To obtain true quantitative data either high-performance liquid chromatography (HPLC) or gas chromatography (GC) should be used. These techniques are predominantly used for assays of either polar or volatile constituents, respectively. GC is increasingly widely available coupled with mass spectroscopy (MS). This GC-MS combination allows identification and quantification of a wide range of components without the need for standards.
In addition to these chromatographic techniques, a number of spectroscopic techniques are widely used such as visible, infra-red (IR) and ultraviolet (UV) spectroscopy for determining semi-quantitative levels of constituents. In addition to these latter techniques, assays for specific constituents have been devised using NMR spectroscopy, immunoassay, radioimmunoassay (RIA), enzyme-linked immunosorbent assay (ELISA) and fluorescence analysis. Near infra-red spectroscopy (NIR) has recently been used for routine analysis of dry plant material and formulated products (both liquid and solid) and has the added advantage that it is non-invasive and can therefore be used for quality control in production and in packaging lines.
Herbal remedies often contain numerous herbal extracts, in many examples numbering more than 10. This creates analytical difficulties and this challenge, associated with the increasing usage of all herbal remedies particularly traditional and complementary medicines (TCM), has inspired analysts to produce more inclusive techniques, such as chemical pattern recognition, spectral correlation, etc. (Liang et al, 2004). DNA fingerprinting has recently been used to establish the identity of highly expensive raw materials, particularly prone to substitution.
Production methods used to obtain plant-derived active constituents
The wide variety of medicinal plants, types of plant parts and varying textures of material, makes it impossible to standardize mechanical procedures, from harvesting through to drying, size reduction, or even essential oil extraction. The fibrous texture of in vivo or field-grown plant material and also unorganized crude drugs often requires severe mechanical disruption prior to extraction. Table 44.3 outlines the basic processes involved in production of plant extracts. These are applied to both conventional plant-based pharmaceuticals and complementary herbal medicines.
Table 44.3
The major stages in the conversion of plant material into a concentrated extract
Production process | Purpose | Constraints |
Harvesting | Stop metabolism at optimum time | Weather |
Drying | Inactivate enzymes, inhibit microbial infestation | Plant part and temperature determine speed.
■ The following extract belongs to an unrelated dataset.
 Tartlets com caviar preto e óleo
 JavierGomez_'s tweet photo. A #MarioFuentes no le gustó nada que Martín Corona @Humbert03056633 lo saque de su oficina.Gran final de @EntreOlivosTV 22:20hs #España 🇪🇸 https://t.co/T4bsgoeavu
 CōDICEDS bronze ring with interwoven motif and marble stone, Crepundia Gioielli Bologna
Essential in tropical conditions |
Size reduction (comminution) | Increase surface area for effective solvent extraction | Solvent flow impeded if particles too small, possible release of excessive mucilage which hinders later filtration |
Extraction of active constituents | Production of most active base for formulation | Financial constraints to complete (100%) extraction |
Extract concentration | Minimize volume/weight of extract, for ease of transport, storage, and ease of distribution in the final formulation | As above, but extra investment |
Harvesting
The first stage, harvesting, is strictly an agricultural and not a pharmaceutical process, but it can have a great influence on the quality of the final product. Each procedure requires specialized equipment, often using modified versions of commercial agricultural machinery.
Further mechanical processing techniques are often required, which may include cleaning or washing. Procedures are needed to eliminate unwanted foreign matter, such as other plant material, minerals, any other organisms and agrochemical residues. In some instances, manual techniques are still superior to mechanization.